241 P.2d 733, 172 Kan. 574, 1952 Kan. LEXIS 363
CourtSupreme Court of Kansas
DecidedMarch 8, 1952
Docket38,567
StatusPublished
Cited by8 cases

This text of 241 P.2d 733 (Harrington v. Propulsion Engine Corp.) is published on Counsel Stack Legal Research, covering Supreme Court of Kansas primary law. Counsel Stack provides free access to over 12 million legal documents including statutes, case law, regulations, and constitutions.

Bluebook
Harrington v. Propulsion Engine Corp., 241 P.2d 733, 172 Kan. 574, 1952 Kan. LEXIS 363 (kan 1952).

Opinion

*575 The opinion of the court was delivered by

Thiele, J.:

This was an action to recover a broker’s commission under a written contract. Plaintiffs prevailed and defendants have appealed. Plaintiffs have cross-appealed from a ruling denying their recovery of the full amount which they sought to recover.

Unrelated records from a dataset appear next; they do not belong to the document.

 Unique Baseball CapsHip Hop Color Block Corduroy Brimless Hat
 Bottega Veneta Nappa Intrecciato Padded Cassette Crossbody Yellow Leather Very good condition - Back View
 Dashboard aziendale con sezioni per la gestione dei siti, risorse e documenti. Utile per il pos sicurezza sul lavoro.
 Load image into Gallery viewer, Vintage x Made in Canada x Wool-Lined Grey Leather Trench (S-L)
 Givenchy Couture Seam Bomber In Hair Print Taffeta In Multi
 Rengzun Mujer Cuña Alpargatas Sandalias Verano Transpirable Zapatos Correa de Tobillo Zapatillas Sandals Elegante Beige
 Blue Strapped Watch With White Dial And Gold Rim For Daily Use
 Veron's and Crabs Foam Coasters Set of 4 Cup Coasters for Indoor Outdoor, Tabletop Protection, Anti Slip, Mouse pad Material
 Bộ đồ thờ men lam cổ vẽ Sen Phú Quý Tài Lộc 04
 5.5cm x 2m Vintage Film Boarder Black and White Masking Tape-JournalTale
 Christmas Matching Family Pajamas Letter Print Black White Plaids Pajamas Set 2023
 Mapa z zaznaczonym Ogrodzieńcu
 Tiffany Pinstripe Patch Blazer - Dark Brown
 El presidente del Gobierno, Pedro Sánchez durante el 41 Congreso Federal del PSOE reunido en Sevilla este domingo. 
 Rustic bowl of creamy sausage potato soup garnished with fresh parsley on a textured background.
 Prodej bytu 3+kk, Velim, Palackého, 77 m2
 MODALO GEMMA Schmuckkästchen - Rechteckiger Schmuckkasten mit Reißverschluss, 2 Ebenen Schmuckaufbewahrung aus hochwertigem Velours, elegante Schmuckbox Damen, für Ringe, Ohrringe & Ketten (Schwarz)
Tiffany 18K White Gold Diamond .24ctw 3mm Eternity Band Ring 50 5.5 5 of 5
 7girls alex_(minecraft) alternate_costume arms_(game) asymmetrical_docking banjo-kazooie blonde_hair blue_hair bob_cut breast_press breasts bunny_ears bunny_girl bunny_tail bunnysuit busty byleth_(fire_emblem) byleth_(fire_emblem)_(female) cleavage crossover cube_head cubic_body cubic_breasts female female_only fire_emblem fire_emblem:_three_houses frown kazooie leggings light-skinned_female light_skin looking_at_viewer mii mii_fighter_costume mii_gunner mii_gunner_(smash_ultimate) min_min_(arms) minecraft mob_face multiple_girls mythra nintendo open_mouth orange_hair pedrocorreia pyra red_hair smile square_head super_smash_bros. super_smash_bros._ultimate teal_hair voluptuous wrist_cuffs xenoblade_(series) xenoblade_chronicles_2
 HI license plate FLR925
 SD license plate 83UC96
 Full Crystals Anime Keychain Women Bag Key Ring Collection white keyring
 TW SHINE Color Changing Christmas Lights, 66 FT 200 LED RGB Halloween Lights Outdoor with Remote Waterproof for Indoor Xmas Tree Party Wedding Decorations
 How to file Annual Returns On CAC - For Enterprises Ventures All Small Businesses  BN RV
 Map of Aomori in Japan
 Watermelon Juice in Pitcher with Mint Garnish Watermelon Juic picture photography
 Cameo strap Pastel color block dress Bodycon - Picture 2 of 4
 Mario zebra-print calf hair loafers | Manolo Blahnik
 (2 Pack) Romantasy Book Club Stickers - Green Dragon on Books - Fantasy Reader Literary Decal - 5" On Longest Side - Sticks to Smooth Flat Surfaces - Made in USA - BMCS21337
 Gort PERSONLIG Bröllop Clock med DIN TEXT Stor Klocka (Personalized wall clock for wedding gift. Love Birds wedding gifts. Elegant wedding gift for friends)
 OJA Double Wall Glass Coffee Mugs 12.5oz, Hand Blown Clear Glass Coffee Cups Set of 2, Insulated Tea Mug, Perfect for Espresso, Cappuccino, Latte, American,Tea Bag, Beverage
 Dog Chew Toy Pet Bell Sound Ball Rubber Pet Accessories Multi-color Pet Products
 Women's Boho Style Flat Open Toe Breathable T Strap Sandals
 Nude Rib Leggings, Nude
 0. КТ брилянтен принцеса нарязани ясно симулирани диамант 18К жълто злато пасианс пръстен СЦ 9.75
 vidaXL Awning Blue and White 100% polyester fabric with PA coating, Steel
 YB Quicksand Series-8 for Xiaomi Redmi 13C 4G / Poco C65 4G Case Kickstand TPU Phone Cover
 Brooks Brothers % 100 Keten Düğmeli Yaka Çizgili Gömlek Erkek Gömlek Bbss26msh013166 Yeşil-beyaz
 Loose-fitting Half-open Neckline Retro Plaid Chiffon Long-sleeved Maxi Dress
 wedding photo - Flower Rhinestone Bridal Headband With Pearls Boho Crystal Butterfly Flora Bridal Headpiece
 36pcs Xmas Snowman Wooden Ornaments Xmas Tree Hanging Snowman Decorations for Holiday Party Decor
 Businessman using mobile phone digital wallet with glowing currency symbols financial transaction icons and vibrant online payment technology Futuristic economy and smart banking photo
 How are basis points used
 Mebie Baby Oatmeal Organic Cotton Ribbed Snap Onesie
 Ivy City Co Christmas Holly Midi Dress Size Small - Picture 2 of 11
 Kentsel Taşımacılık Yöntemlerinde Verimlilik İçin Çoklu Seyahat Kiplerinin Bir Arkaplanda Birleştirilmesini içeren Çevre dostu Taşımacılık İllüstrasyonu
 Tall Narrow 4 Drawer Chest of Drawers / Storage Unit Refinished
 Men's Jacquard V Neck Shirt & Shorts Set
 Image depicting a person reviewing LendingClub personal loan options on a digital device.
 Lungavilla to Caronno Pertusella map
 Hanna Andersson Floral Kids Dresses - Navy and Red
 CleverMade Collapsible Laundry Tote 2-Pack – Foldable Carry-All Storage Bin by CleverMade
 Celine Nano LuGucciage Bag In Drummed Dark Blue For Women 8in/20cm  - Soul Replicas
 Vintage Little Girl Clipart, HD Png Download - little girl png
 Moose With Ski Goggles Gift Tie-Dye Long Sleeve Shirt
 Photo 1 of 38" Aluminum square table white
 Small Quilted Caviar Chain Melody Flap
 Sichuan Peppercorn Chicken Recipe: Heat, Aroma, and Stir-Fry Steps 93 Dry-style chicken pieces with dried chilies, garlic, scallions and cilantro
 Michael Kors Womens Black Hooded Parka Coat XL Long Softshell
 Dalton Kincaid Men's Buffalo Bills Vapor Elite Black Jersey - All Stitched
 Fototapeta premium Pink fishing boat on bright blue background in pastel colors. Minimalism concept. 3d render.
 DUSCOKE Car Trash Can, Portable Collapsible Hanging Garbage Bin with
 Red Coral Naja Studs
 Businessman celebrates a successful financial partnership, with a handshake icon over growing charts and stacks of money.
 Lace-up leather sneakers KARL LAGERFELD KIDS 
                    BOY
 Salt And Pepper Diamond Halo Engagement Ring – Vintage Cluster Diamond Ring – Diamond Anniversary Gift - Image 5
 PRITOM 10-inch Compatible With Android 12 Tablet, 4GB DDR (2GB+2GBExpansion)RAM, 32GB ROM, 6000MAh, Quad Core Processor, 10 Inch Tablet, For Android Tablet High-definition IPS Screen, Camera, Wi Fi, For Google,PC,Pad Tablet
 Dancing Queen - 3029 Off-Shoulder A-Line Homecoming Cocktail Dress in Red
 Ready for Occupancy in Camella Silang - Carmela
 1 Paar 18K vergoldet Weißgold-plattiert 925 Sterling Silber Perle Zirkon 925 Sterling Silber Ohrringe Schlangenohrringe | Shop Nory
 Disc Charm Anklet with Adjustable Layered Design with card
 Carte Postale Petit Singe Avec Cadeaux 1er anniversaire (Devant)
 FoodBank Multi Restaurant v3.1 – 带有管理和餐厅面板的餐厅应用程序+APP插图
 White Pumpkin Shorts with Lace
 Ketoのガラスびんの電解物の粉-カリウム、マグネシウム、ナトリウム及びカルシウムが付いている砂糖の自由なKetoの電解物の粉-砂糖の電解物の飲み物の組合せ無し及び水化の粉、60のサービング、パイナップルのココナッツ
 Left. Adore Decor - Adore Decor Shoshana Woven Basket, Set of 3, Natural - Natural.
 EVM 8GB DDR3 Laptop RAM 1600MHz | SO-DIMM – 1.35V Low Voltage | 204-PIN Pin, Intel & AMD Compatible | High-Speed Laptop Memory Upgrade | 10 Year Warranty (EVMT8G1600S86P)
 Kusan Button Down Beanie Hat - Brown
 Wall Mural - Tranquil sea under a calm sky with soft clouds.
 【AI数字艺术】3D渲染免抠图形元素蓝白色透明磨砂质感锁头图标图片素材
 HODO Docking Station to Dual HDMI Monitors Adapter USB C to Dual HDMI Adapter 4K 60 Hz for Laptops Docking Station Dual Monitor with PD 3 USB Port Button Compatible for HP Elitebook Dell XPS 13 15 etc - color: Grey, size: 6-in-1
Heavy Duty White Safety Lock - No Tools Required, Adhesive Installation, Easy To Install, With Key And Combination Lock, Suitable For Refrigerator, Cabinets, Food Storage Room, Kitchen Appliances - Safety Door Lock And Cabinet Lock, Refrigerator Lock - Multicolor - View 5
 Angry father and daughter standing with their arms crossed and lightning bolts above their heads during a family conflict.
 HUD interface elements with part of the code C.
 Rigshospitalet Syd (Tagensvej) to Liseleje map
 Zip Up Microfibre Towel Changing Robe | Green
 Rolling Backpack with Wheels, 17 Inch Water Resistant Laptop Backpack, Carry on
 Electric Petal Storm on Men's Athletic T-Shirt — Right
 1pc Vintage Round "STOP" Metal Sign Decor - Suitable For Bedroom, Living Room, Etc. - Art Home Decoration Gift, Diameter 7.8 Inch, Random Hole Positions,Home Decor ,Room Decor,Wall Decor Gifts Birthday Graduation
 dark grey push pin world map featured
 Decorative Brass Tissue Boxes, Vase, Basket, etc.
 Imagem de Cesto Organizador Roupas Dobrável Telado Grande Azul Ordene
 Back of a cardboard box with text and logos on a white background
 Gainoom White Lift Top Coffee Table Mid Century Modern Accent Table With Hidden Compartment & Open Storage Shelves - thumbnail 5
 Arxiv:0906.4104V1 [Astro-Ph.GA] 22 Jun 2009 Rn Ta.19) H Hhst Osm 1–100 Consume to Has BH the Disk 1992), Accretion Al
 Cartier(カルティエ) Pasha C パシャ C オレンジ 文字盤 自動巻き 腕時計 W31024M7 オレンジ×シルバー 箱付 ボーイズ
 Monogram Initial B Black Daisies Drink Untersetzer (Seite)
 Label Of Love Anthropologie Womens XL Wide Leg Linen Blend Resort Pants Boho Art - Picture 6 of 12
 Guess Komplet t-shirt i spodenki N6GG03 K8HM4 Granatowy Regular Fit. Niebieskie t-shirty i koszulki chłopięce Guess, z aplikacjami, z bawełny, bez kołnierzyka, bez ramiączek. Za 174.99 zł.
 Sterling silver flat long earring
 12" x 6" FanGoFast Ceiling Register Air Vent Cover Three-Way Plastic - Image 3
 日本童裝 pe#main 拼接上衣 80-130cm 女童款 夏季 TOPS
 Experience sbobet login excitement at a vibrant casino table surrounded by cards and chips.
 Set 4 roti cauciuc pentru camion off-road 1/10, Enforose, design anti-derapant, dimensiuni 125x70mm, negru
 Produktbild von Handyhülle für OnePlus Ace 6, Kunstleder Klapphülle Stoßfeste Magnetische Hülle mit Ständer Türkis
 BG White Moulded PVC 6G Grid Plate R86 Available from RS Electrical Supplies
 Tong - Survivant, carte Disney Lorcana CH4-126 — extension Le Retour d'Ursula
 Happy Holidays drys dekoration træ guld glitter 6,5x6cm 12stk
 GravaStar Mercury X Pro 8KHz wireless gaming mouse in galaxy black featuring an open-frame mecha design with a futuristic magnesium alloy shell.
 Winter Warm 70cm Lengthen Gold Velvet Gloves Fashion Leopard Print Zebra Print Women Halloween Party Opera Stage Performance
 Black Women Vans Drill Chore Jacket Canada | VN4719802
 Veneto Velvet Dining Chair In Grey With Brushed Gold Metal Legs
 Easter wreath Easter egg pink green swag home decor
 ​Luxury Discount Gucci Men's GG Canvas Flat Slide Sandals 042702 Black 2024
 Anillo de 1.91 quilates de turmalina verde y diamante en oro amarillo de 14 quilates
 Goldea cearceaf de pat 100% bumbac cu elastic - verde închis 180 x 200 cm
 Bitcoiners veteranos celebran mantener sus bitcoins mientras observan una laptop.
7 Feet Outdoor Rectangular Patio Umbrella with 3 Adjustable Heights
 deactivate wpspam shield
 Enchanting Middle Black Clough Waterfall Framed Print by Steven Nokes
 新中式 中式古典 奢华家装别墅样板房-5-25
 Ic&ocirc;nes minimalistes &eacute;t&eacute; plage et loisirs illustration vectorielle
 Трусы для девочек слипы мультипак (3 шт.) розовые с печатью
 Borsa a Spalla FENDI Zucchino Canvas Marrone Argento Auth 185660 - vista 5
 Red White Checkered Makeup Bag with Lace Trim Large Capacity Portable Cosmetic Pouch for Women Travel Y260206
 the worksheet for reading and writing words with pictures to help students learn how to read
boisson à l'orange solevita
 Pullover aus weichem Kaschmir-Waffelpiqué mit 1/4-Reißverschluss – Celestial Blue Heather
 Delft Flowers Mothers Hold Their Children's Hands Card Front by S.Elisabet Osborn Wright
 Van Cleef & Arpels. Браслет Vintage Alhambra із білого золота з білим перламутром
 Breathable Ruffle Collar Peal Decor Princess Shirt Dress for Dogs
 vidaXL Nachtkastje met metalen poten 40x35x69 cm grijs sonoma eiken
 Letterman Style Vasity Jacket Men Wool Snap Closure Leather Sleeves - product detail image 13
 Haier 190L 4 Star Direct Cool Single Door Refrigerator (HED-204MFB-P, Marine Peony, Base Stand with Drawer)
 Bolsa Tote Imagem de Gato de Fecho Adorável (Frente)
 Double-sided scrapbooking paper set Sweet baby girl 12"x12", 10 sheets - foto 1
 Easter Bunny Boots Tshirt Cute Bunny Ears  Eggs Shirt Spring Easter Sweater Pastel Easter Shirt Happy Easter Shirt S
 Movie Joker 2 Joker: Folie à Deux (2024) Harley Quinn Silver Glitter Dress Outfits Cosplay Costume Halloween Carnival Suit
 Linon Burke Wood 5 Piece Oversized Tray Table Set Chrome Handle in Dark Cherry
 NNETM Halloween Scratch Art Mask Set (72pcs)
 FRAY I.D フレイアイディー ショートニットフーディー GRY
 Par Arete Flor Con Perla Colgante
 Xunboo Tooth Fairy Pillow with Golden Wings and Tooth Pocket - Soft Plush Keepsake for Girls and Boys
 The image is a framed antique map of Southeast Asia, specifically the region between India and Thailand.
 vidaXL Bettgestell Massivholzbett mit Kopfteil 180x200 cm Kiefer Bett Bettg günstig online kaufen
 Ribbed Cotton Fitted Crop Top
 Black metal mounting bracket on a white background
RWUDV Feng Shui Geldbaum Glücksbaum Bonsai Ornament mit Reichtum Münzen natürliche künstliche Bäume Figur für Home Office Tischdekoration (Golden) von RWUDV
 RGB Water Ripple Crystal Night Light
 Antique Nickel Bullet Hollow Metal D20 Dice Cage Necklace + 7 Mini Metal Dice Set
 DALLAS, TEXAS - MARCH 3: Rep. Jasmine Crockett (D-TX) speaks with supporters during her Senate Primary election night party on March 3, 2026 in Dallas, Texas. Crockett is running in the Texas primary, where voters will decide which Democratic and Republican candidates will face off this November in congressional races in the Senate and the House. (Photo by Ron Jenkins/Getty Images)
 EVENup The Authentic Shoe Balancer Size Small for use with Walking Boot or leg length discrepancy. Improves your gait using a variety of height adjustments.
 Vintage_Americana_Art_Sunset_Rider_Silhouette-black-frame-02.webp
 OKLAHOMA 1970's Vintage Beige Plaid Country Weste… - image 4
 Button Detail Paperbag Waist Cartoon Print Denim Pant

In their petition plaintiffs alleged their status as partners engaged in the sale of industrial properties and their post-office address in Chicago, 111.; that defendant Propulsion Engine Corporation, hereafter referred to as the Engine Corporation, was organized under the laws of Missouri and engaged in the manufacturing business in Kansas and that the individual defendants were nonresidents of Kansas; that on March 22, 1950, the parties entered into a contract, a copy of which was attached and is later mentioned; that pursuant to the contract, and while it was in full force plaintiffs introduced to the defendants, representatives of Food Machinery and Chemical Corporation, hereafter referred to as Chemical Corporation, who were willing to negotiate for the purchase of defendants’ properties, did negotiate and did purchase all or substantially all of the stock or all of the assets of the Engine Corporation and paid or agreed to pay a sum in excess of $437,-105.21, the exact amount being unknown to plaintiffs, the payment having been made or to be made pursuant to a contract, a copy of which had not been furnished plaintiffs and was not in their possession; that by reason of the facts set forth plaintiffs were entitled to a portion of the consideration, to an accounting and a judgment for the sum of $30,597.36, together with interest, and they prayed judgment against the defendants for that sum and interest, for costs and such other relief as might be just or equitable.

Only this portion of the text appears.